For this plot option you will need to install the scatterpie and ggnewscale packages if you haven’t already! This code also uses the PNWColors package for color palettes.

Tip

geom_scatterpie() allows you to plot pie charts at specific locations on a map! Each pie chart can represent multiple variables (in this case, proportions of different prey species) at that location. The makeup of the pie charts will change depending on which prey species you include in the cols argument of geom_scatterpie().

Code
#option 2: pie charts!

#first we have to wrangle again!
humpy_wide <- humpy %>% 
  filter(Detected == 1) %>% 
  pivot_wider(names_from=prey_species, values_from = prey_prop, values_fill = 0)

# ok now plot
library(scatterpie)
library(ggnewscale)
library(PNWColors)

base_map +
  new_scale_fill() +
  geom_scatterpie(data = humpy_wide,
    aes(lon, lat), cols = c("Engraulis mordax", "Merluccius productus"), alpha = 0.6,
    pie_scale = 3) +
  scale_fill_manual(values = pnw_palette("Bay"))

Tip

Continue exploring varying relationships between marine mammals, depth, location, and prey species! Use these observations to help you select your guiding research question.

Search primary literature

Use Google Scholar or another academic search engine to find one primary literature paper to inform your guiding research question and hypotheses. Cite your paper in your week 5 lab report!

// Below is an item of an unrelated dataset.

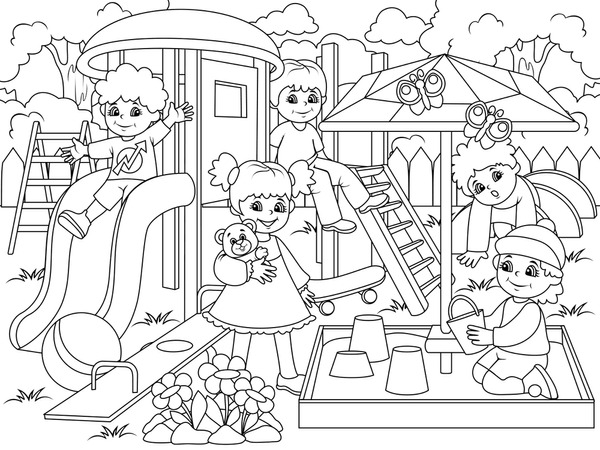 Thousand coloring book playground royalty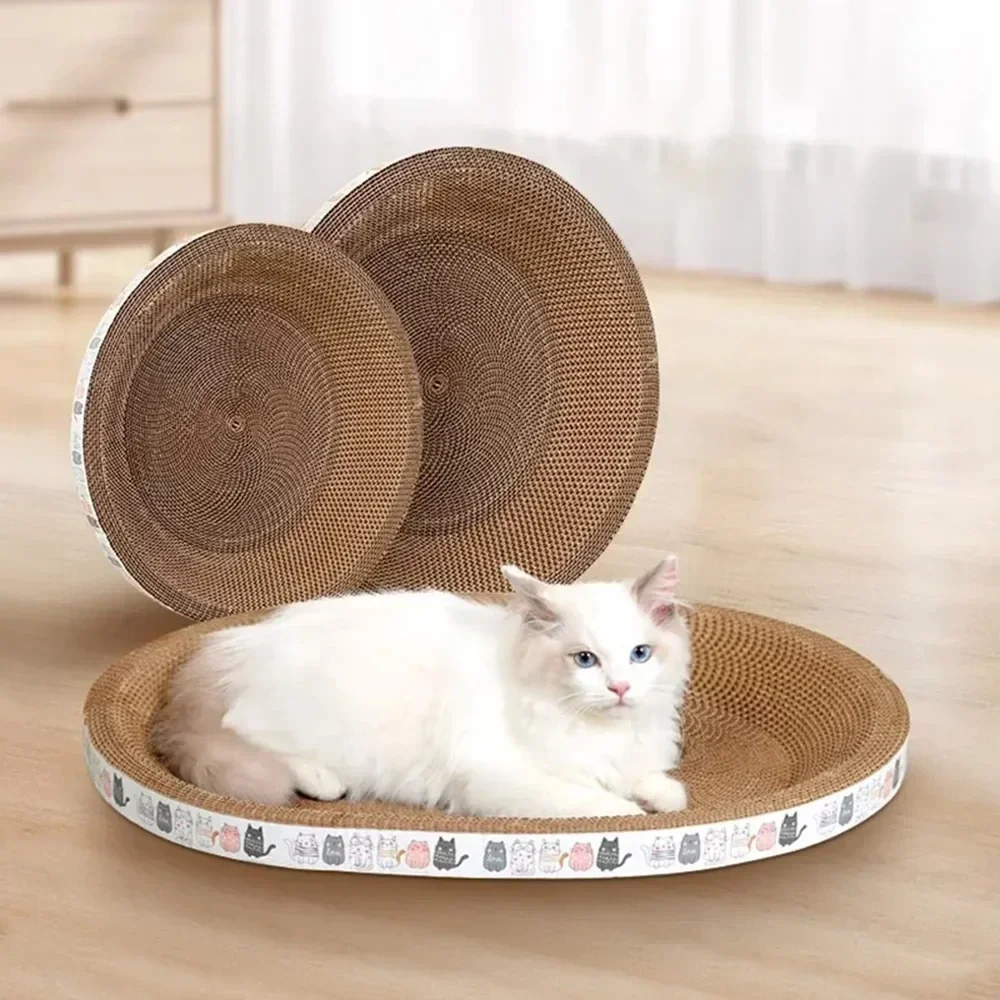 Corrugated Cat Scratcher Oval Grinding Claw Toy for Big Cats Non Shedding Large Size Bed Cat Accessory Cats Scratch Board Nest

Week 5 lab report expectations

Your week 5 lab reports should include the following components:

  • Background

  • Research Question

  • Hypotheses

  • X/Y variables

  • Discuss/choose Research Question(s) as a group

  • Use Google Scholar for background information (e.g. your predators diet, competitors, predators, and known distribution)

  • Formulate Hypotheses as a group

  • EACH PERSON will separately write a ~½-1 page lab report that introduces the Research Questions and Hypotheses chosen as a group

…If needed, we will continue data exploration and hypothesis formulation in Week 6

To be continued…

Remember! This is just the beginning of your exploration of the eDNA dataset; we will build upon it in the next labs.